Opened last October, the new facility will be certified in August 2013 as a Green School by the United States Green Building Council. It will be the first school in Colombia to achieve the LEED (Leadership in Energy and Education Development) GOLD level.
Aljure, who has been a member of the faculty of the Rochester School since 1987, conceived the K-12 school as a model for “futuristic learning with a climate conducive to cooperation and belonging.” He refined his vision at Florida Tech in 2008–2009, when he earned his master’s degree in environmental resource management.
“Florida Tech was one of the best evaluated universities for environmental engineering and science. I preferred it to other options because of its location, versatile program, beautiful and practical geography for environmental studies and the region’s technological corridor. The weather was also nice. It was a great opportunity for my two children to develop their English skills, and it was convenient to make trips to Colombia,” he said.
Aljure took his ideas back to Colombia, became project director of the facility and led construction, which began June 2011. “We could not have implemented many of the new school’s key sustainable features if I had not done the master’s at FIT,”
The 166,841-square-foot school takes up about a quarter of the property’s acreage, where courtyards, green space and walkways abound. On the grounds is an audeteria (auditorium/cafeteria) featuring 12 arts classrooms, chapel, cafeteria that seats 384, snack bar and a professional theater for 600 spectators.
Among its energy efficiencies, solar collectors and electric pumps heat two swimming pools and dressing rooms, making possible year-round swimming classes. The 20-KW-powered solar photovoltaic arrays atop the middle and high schools provide an energy source that meets 12 percent of the electricity demands of the campus, including automatically controlled LED lighting. The school also incorporates natural diffused lighting.
Tertiary treated wastewater is recycled for toilets and irrigation, removing 35 percent of the former drain on potable water.
The school’s many sustainable features are subjects of study for teachers and students. They “are coming to understand that renewable practices can be implemented and are here to stay,” said Aljure.
He is perhaps most proud of the pedagogical classroom hubs. These extended learning areas surrounded by four or five classrooms, offer a common space where teachers of the same grade level or discipline can team-teach. Flexible, they also create spaces for students and teachers to come together in interest groups and facilitate novel teaching strategies.

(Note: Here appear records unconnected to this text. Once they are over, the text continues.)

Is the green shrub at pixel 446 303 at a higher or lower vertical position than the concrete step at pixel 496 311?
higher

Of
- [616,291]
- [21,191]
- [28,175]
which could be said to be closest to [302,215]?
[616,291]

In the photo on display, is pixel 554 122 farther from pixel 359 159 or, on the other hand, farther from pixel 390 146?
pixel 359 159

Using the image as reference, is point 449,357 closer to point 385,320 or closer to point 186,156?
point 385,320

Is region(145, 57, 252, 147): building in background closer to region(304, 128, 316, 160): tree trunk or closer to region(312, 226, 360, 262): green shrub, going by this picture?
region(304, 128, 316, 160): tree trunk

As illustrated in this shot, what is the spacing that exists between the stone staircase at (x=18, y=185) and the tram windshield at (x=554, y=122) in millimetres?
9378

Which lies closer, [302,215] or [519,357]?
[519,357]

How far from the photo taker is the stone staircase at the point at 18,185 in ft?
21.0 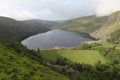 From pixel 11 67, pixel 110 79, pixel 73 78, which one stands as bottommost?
pixel 110 79

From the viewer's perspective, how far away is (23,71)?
3881 cm

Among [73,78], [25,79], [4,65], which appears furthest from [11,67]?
[73,78]

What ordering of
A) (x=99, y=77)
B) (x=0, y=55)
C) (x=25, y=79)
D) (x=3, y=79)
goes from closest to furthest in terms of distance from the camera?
(x=3, y=79) → (x=25, y=79) → (x=0, y=55) → (x=99, y=77)

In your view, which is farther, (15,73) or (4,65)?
(4,65)

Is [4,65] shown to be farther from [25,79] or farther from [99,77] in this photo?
[99,77]

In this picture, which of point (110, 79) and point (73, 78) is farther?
point (110, 79)

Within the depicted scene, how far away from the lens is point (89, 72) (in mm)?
199625

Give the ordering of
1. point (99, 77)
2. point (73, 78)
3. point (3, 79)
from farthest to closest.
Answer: point (99, 77), point (73, 78), point (3, 79)

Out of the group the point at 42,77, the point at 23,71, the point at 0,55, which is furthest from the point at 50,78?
the point at 0,55

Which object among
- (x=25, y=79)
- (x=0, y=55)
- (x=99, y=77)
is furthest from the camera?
(x=99, y=77)

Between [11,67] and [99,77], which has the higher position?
[11,67]

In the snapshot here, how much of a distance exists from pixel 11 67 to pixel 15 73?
9.00ft

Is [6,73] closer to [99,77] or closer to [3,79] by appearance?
[3,79]

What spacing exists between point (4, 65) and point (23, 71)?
3733 mm
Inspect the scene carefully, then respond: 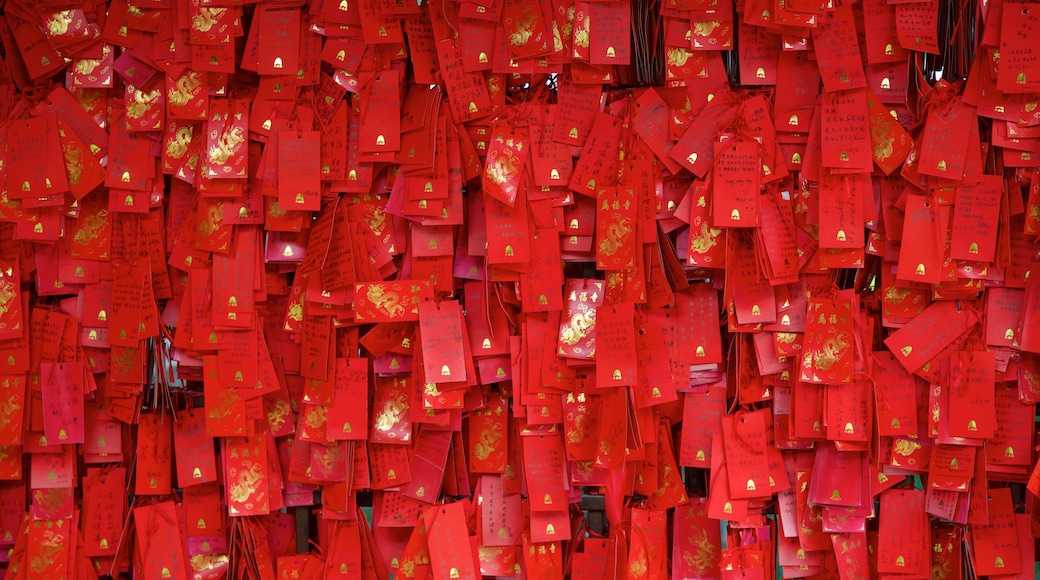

“Our students will become adults and citizens of the world with a mental model that is needed now and in the future. We hope that other schools in Colombia can study us to implement their own sustainable facilities and the government of Colombia can look at our project to use what we have done here as a basis for future policy decisions.”
Aljure’s next step is to manage his project. His immediate goal is to pay back the school’s debt.
“All these systems must work as designed to create the real savings to pay off the debt and to provide real data for the curriculum for others to study. This is the management phase where we become a living textbook.”